If I wanted to, I suppose I could drive for an hour over the Blue Ridge Mountains to Liberty University in Lynchburg to hear Senator Ted Cruz of Texas become the first Republican to officially announce his candidacy for President of the United States. (You can watch his video announcement here.)
But I don’t, so I won’t.
Cruz, correctly identified by fellow Republican Senator John McCain as a “wacko bird,” has made quite a name for himself since he entered the Senate in 2013.
• During a filibuster against funding the Affordable Care Act, he read the entire text of Dr. Seuss’s “Green Eggs and Ham.”
• He compared opponents of defunding the Affordable Care Act to appeasers of Nazi Germany in the 1930s and compared himself and his fellow defunding advocates to the Rebel Alliance against the Empire in “Star Wars.”
• After helping to force a two-week shutdown of the federal government in an unsuccessful effort to defund the Affordable Care Act (which cost the American economy $24 billion), Cruz and other Republicans tried to divert attention from the mess they created to the temporary closure of the World War II Memorial in Washington.
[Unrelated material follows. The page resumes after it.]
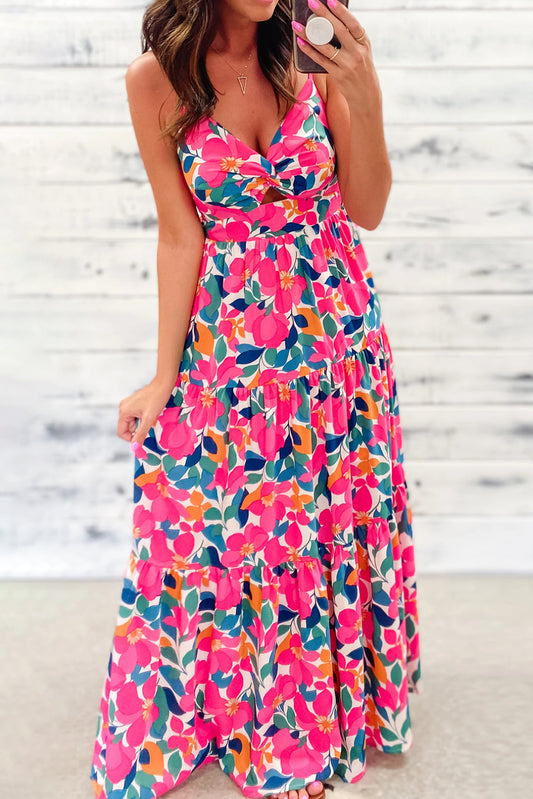 Vestido maxi de rayos de rosa con torcido floral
• He claims to “stand for marriage” but said he will introduce a Constitutional amendment allowing states to ban marriage if it is between two people of the same sex.
• He approvingly quoted leftwing former Congressman Dennis Kucinich (now affiliated with libertarian former Congressman Ron Paul’s Institute for Peace and Prosperity) that an American attack on the Assad regime would turn the U.S. into “al Qaeda’s air force.”
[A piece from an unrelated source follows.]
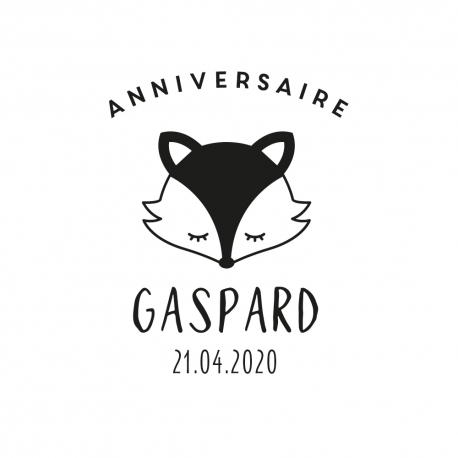 Tampon tête de renard anniversaire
• Cruz’s father Rafael, with whom Ted has a close political relationship, is even wackier than his son— or at least more willing to be outspokenly wacky.
I can only assume that the rightwing Republicans who are so dubious about Obama’s birthplace and his Constitutional right to serve as president will be equally interested in the fact that Ted Cruz’s genuine birth certificate shows that he was born in (shudder) Canada.
(The US Constitution requires that the President be a “natural born Citizen” of the United States. Most legal experts believe that because Cruz’s mother was a US citizen, he is constitutionally qualified to be President, even though he was born outside the US. I’m willing to accept that.)
But as Josh Marshall noted:
[Y]ou have to wonder what kind of influences he was exposed to growing up in a primitive, post-colonial setting like Canada during the radical Trudeau regime.